Date of Award
Doctor of Philosophy (PhD)
This dissertation uses the life writing and fiction of Gertrude Stein, Ernest Hemingway, and James Joyce to challenge the mythic construction of the autonomous modernist subject through the lens of expatriation. I use the expatriate as a paradigmatic figure of modernism to scrutinize common perceptions of modernist expatriation as a dissociation with tradition and national politics. Instead, this project positions modernism as a movement deeply enmeshed in celebrity culture and the cooptation of foreign spaces. I employ a spatial mode of reading expatriate fiction through which the physical sites of expatriation become symbols of expatriate values and identity in conflict with local cultures. This methodology exposes the exploitation inherent in high modernist expatriation as a practice and challenges popular understandings of modernist expatriation as a liberatory movement. The project begins in Chapter 1 with an analysis of Paris as the paradigmatic space of expatriate modernism through Stein’s The Autobiography of Alice B. Toklas and Hemingway’s A Moveable Feast. I argue that the spatial representations in both texts encouraged contemporary readers to view Paris through a largely American lens and lead to the construction and commodification of the expatriate myth by transatlantic tourists. In Chapter Two, I extend the conversation of tourism into Hemingway’s The Sun Also Rises and For Whom the Bell Tolls to offer a rereading of both texts as tourist narratives centered around the personal development of the expatriate protagonists. Finally, in Chapter 3, I use Joyce’s representations of Ireland to illustrate how his depictions of the space become progressively more fragmented and telescopic across the increasing distance of exile, demonstrating a rejection of the colonial space by rendering it unknowable.

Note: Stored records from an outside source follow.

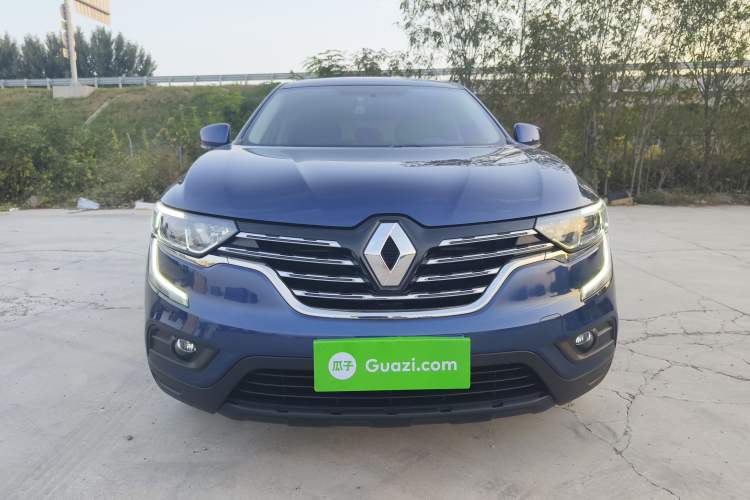 Used Renault Koleos 2017 2.0L Two-Wheel Drive Comfort Edition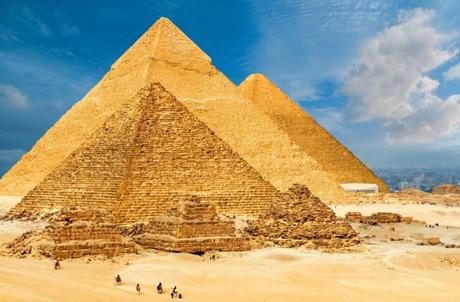 7 datos interesantes sobre las pirámides de Giza en Egipto Datos interesantes sobre la gran pirámide de giza en egipto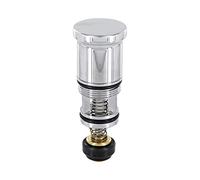 Ideal Standard spare part A961166AA, diverter for surface-mounted bathroom tap - Compatible with selective suites from Ideal Standard brand - Chrome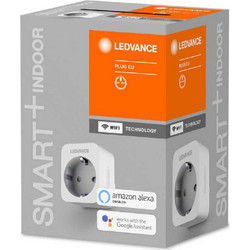 SMART WIFI PLUG EU FS1 LEDV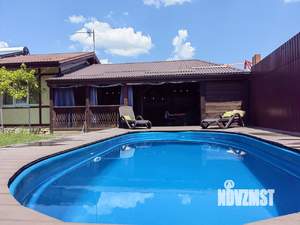 Дом 50м², 1-этажный, посуточно,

I conclude with a brief consideration of the cultural implications of modernist narratives of expatriation through a close reading of twenty-first-century tourist sites that draw on the myth of modernist expatriation. I argue that by extending the spatial methodology to twenty-first-century byproducts of modernism, we can see how early twentieth-century notions of expatriation have permanently altered our perspective on globalism and the “foreign” spaces of Western Europe.